Karen E. Bender Tries to Answer a Very Difficult Question

By  Karen E. Bender

I asked the question. Most writers, at some point, ask the question. I marched toward the office of poet Thom Gunn, who taught the poetry workshop I took as an undergraduate at UC Berkeley. I had submitted some poems for acceptance into his workshop, and I wanted to see if I was admitted into his class. I walked through the warm, starry air of Wheeler Hall to his office, where I stood, trembling, before a piece of paper taped to the door and saw my name on the list on the office door.

I had been rescued.

This relief was immediately accompanied by a constant and simmering sense of fear.

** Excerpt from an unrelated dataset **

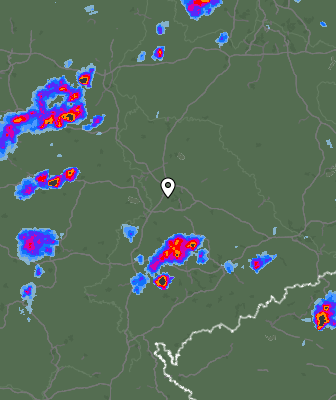 Radar
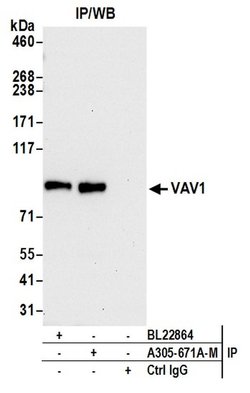 VAV1 Polyclonal Antibody, Bethyl Laboratories 20 &mu;L; Unconjugated:Antibodies,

I went to class. I wanted to learn how to write poetry. I wanted to become a writer. I sat, silent, among the other students, listening, and pretended that I understood what was going on. A thoughtful nod was part of this charade, and occasionally murmuring a carefully modulated, Mm-hmm. While I tried to decode everything the other students were saying, I was really lost in these facts: the way the young woman with the spiked haircut left the room, her long black coat floating behind her in an action so glamorous and slow it existed in another physical dimension, the punch-bright red sneakers of one of the guys in the class. I was aware of the chalkboard and the pale light coming through the blinds, of which guys in the class I wanted to date. The mere experience of being in that classroom, the fact of my presence there, made my mind shriek silently with joy.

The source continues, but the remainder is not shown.